Dublin Theatre Festival: A Whistle in the Dark

Rarely have I ever experienced anything in the theatre comparable to Druid’s production of A Whistle in the Dark. There is great theatre that is stylized and surreal, or postmodern and self-conscious, or even melodramatic. Whistle is a drama that sets the heart racing, that makes the palms sweat, that holds the breath to release it only in a gasp. Tom Murphy’s writing is muscular and menacing and holds you in a crushing embrace; this is theatre that will not let you go.

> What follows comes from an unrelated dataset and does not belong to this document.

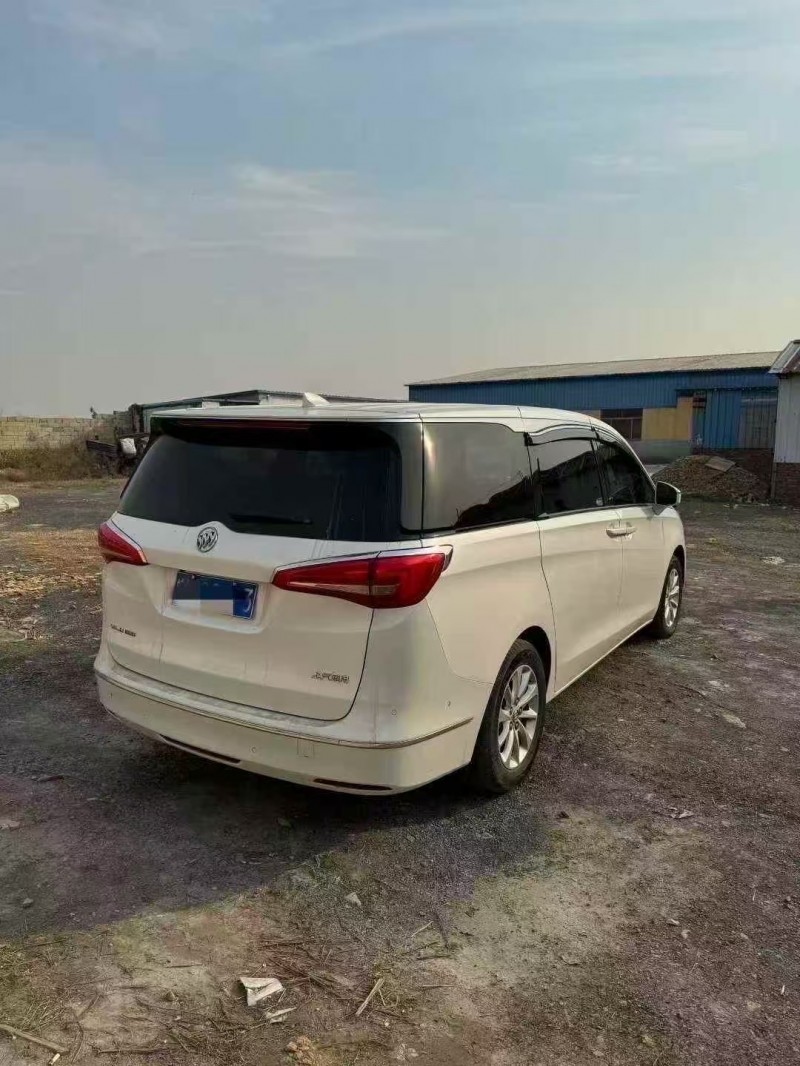 菏泽18年别克GL87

This is a play about impotent masculinity in all its forms: in society, in the family, in physical and mental and moral strength. In the Carneys, Murphy has encapsulated all the crises that a generation of men can suffer. Irish immigrants in Coventry, the Carney men struggle to fit in, to make a living, to make their name – fighting against the nameless ‘they’ on foreign soil. And these struggles coalesce into a physical violence that is as inevitable as a spring unwinding.

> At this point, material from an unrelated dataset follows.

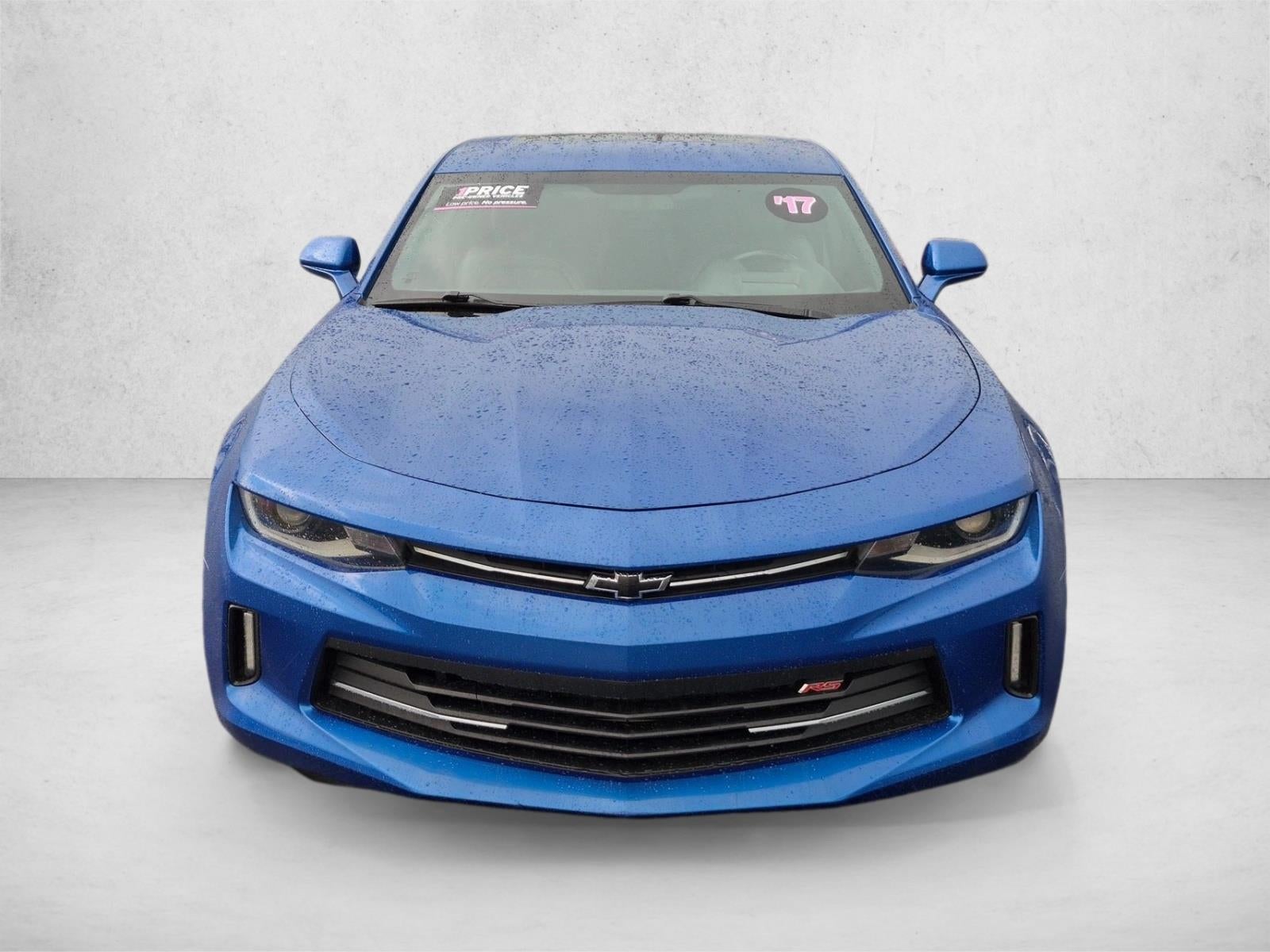 2017 Chevrolet Camaro 2LT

The cast is outstanding, inhabiting their characters with an electric physicality. In Dada, played with a frightening conviction by Niall Buggy, there is the raging artifice of power and of a bitter and savage disappointment. “I tried… I tried..” he mouths tremblingly as the light dies on the stage, pitiable at the last as his powerlessness is revealed.

This is frightening beast of a production. Murphy’s writing is matched by the skill of Garry Hynes’ direction – a formidable pairing indeed. This is theatre that is truly visceral, charged with a electricity that crackles off the stage. A Whistle in the Dark is the play of a generation – a generation of men that has since been lost, but should never be forgotten.